• **WHAT TO WORK ON**
Further down are entries; set down exactly and only the lines from the one with "vidaXL Συρματοκιβώτιο - Γλάστρα" up to and including the one with "Die-Cut Stickers - Power", dropping each picture.

[DATA PROVIDED — start]

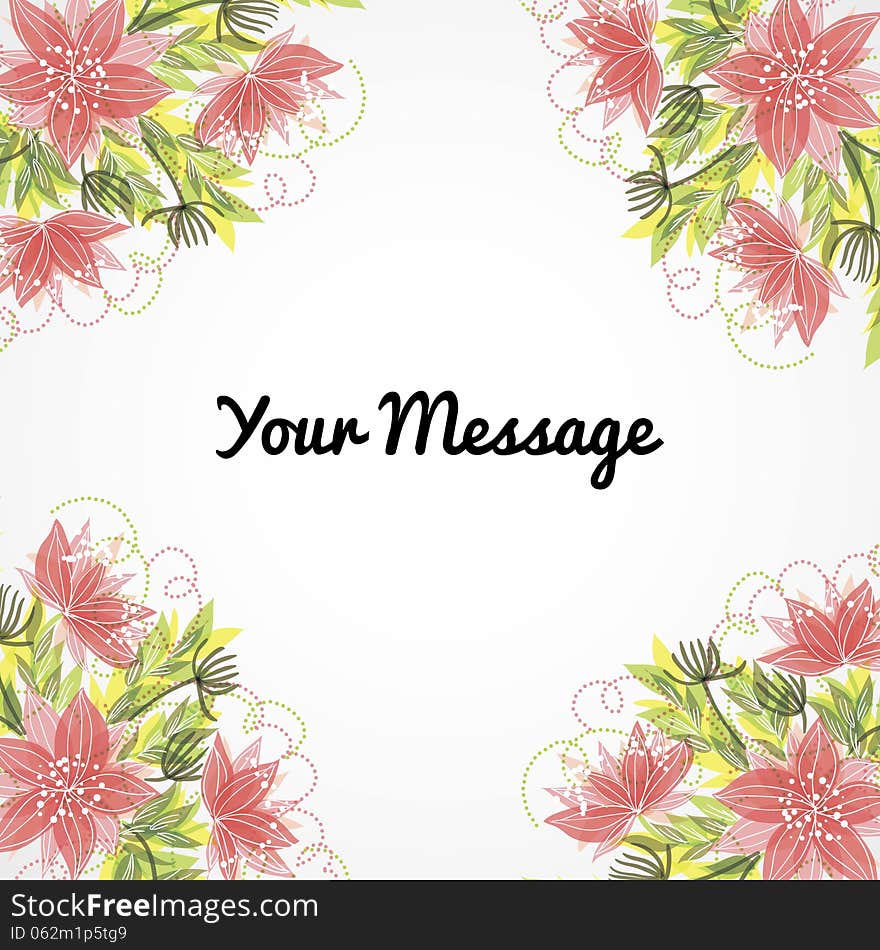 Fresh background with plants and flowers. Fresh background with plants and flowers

[DATA PROVIDED — finish]
[DATA PROVIDED — start]

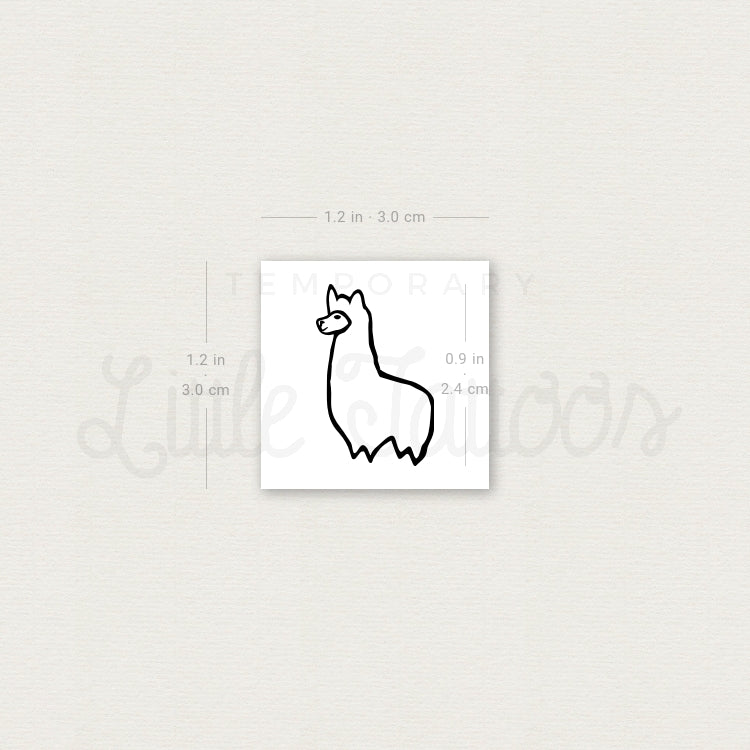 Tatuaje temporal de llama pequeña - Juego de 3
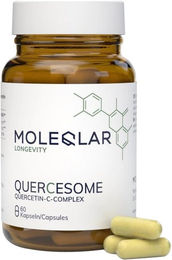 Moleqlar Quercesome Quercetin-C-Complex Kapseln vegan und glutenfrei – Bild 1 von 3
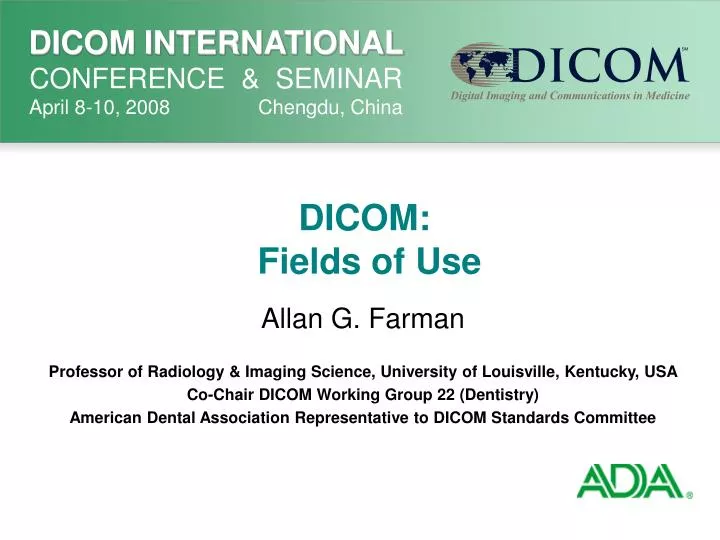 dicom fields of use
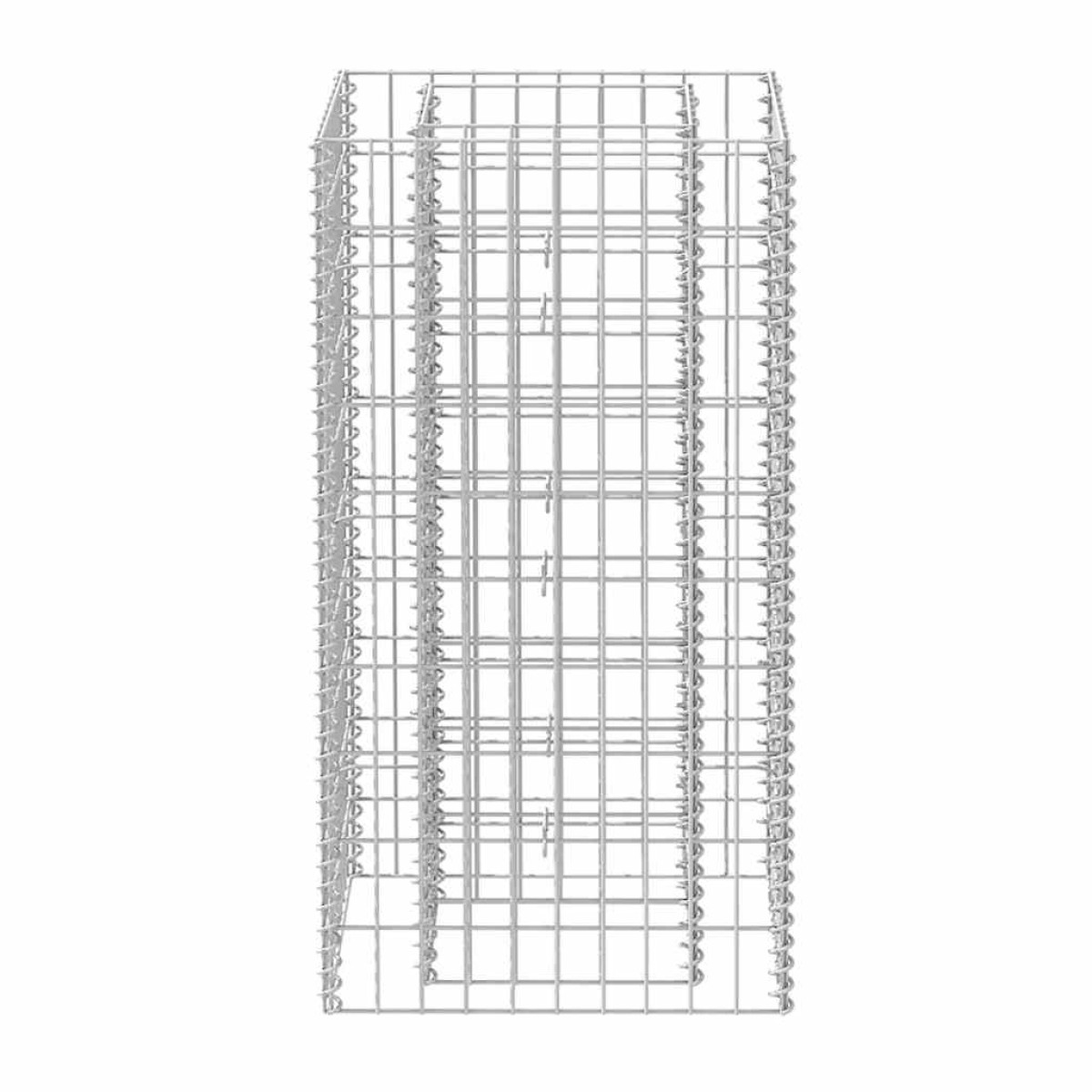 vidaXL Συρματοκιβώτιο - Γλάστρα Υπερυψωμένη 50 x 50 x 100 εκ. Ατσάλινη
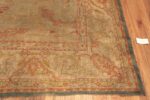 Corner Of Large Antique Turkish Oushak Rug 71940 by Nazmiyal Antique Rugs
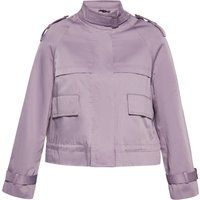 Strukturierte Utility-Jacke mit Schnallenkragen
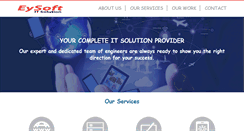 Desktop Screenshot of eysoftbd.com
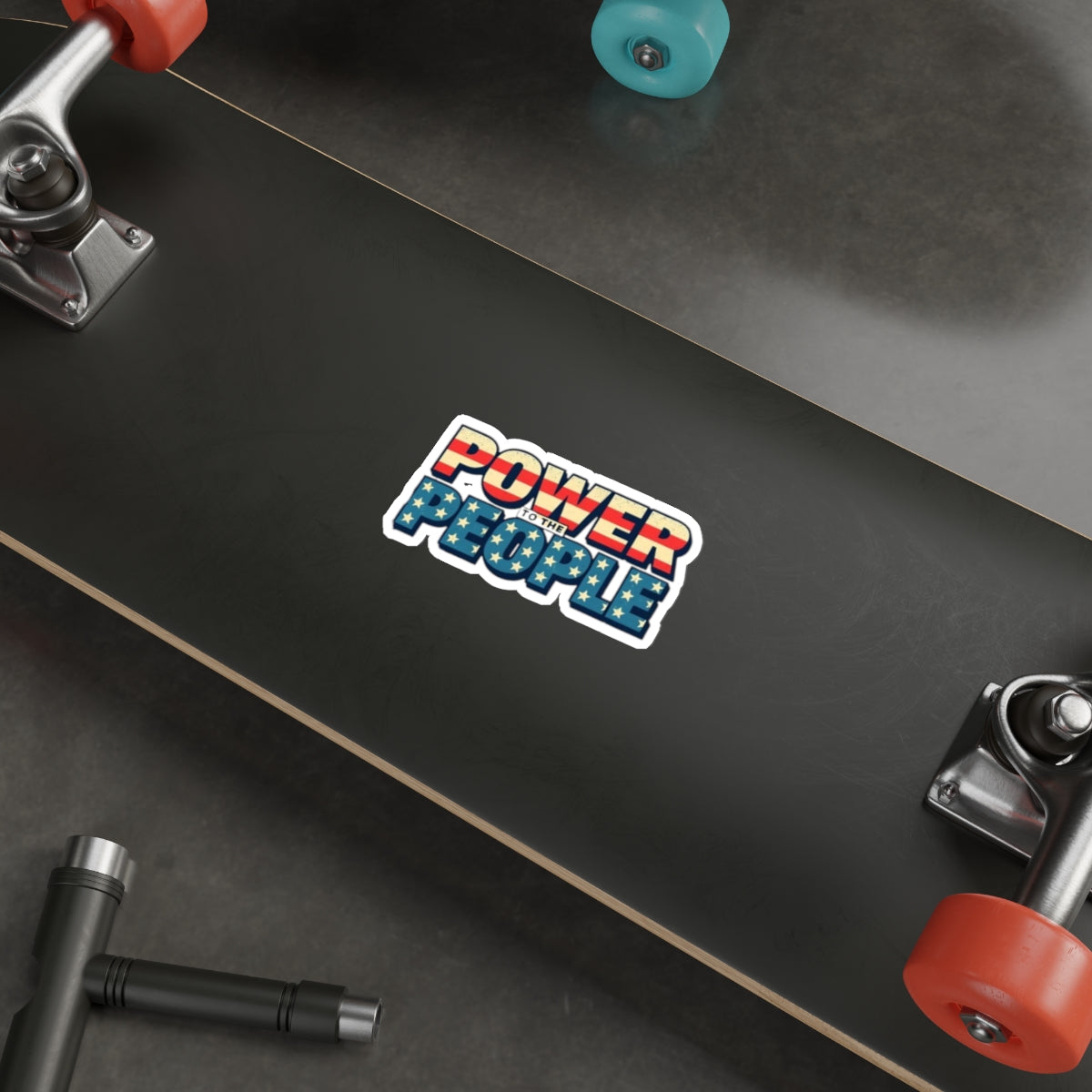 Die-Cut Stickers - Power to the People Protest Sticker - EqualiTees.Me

[DATA PROVIDED — finish]
[DATA PROVIDED — start]

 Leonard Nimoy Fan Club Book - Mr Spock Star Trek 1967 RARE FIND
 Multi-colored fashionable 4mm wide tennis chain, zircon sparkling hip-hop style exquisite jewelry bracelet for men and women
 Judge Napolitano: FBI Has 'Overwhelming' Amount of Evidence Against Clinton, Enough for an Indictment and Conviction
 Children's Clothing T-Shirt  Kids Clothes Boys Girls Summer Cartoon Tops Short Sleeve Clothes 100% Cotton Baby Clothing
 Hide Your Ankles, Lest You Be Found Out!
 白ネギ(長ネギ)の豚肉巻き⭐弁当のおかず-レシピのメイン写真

[DATA PROVIDED — finish]

• **RESPONSE**
 vidaXL Συρματοκιβώτιο - Γλάστρα Υπερυψωμένη 50 x 50 x 100 εκ. Ατσάλινη
 Corner Of Large Antique Turkish Oushak Rug 71940 by Nazmiyal Antique Rugs
 Strukturierte Utility-Jacke mit Schnallenkragen
 Desktop Screenshot of eysoftbd.com
 Die-Cut Stickers - Power to the People Protest Sticker - EqualiTees.Me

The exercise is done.